*** Collected material ***

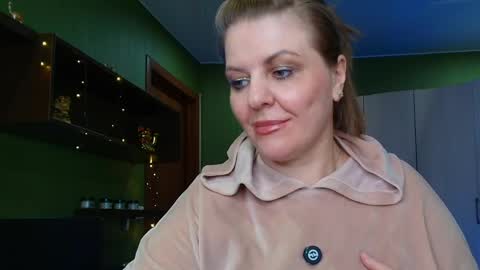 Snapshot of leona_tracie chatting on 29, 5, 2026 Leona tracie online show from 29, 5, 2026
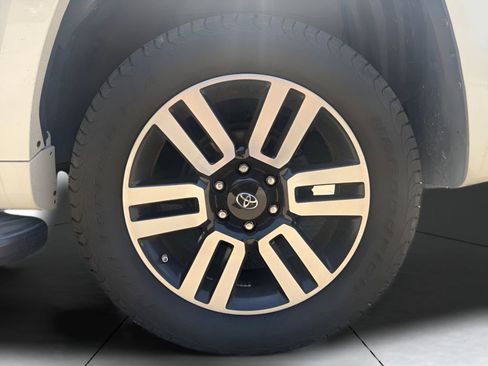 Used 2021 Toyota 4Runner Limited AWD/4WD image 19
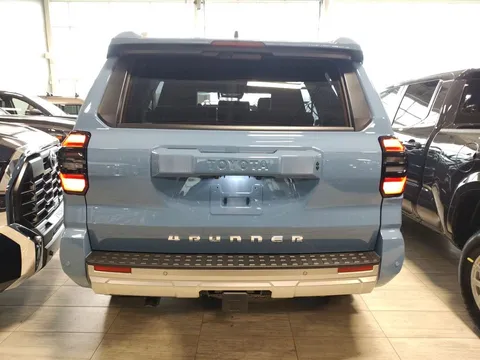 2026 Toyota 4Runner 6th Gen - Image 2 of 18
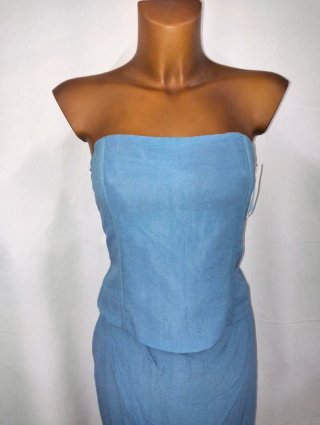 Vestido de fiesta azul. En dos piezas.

*** End of Collected material ***

- [Task to complete] Recopy the whole listing above precisely, excluding images.

- [Your response]
 Snapshot of leona_tracie chatting on 29, 5, 2026 Leona tracie online show from 29, 5, 2026
 Used 2021 Toyota 4Runner Limited AWD/4WD image 19
 2026 Toyota 4Runner 6th Gen - Image 2 of 18
 Vestido de fiesta azul. En dos piezas.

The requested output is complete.